[TASK TO CARRY OUT] Find the lines below in which the string "Blue" occurs. Copy each one.

(Dataset items)

┄┄┄┄┄┄

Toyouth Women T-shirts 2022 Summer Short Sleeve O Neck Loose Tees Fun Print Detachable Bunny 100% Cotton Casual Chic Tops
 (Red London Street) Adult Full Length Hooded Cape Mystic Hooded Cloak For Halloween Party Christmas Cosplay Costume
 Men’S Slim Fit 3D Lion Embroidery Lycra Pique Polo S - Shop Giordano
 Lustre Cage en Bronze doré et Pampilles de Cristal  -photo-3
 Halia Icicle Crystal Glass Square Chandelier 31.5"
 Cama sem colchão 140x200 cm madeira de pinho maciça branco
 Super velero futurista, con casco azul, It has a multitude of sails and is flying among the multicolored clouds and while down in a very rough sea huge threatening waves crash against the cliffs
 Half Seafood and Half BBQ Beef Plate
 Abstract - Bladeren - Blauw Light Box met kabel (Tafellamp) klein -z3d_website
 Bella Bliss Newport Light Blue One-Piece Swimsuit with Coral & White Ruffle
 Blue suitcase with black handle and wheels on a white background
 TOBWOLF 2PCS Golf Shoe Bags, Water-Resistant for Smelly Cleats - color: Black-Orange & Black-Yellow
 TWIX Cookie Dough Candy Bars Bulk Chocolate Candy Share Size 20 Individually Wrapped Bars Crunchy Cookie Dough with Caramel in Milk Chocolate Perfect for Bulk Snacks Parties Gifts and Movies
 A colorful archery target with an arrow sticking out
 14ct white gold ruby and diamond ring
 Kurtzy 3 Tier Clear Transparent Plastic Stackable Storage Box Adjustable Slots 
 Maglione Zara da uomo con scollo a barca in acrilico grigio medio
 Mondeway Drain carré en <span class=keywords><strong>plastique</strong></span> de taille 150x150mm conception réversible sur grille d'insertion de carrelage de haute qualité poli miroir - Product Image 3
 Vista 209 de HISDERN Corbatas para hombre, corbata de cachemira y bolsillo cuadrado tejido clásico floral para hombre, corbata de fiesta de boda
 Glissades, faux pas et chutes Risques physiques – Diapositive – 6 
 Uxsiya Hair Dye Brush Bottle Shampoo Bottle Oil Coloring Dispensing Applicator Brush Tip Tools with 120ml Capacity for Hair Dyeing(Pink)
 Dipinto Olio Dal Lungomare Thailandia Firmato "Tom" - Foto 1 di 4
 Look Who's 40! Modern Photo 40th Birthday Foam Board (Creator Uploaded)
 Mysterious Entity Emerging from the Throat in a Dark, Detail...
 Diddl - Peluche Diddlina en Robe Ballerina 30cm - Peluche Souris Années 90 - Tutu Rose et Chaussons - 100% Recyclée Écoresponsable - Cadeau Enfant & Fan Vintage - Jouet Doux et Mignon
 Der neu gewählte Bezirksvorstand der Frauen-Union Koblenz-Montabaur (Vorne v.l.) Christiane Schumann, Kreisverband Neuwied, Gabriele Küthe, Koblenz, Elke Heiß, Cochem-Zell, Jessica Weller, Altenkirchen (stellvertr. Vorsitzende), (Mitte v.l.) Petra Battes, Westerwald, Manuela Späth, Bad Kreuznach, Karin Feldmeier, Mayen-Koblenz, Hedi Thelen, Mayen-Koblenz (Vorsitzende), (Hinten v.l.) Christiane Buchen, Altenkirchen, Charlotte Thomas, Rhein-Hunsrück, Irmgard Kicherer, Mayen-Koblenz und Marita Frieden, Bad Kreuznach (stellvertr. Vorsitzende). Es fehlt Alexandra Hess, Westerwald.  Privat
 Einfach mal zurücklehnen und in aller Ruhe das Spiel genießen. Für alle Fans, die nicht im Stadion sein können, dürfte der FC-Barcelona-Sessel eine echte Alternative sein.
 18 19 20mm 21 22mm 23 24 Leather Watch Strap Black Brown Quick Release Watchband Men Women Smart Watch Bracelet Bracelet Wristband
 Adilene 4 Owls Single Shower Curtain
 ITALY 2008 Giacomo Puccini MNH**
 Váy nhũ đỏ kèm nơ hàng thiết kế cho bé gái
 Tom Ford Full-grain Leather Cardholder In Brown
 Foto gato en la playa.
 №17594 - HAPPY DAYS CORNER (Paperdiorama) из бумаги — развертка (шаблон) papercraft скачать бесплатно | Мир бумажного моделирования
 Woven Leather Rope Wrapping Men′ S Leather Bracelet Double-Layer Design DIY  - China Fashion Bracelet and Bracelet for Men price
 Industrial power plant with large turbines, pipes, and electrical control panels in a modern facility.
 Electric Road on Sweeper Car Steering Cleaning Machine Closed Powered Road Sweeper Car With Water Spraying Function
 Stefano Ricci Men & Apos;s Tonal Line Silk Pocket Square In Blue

┄┄┄┄┄┄

[EXERCISE ANSWER]
 Bella Bliss Newport Light Blue One-Piece Swimsuit with Coral & White Ruffle
 Blue suitcase with black handle and wheels on a white background
 Stefano Ricci Men & Apos;s Tonal Line Silk Pocket Square In Blue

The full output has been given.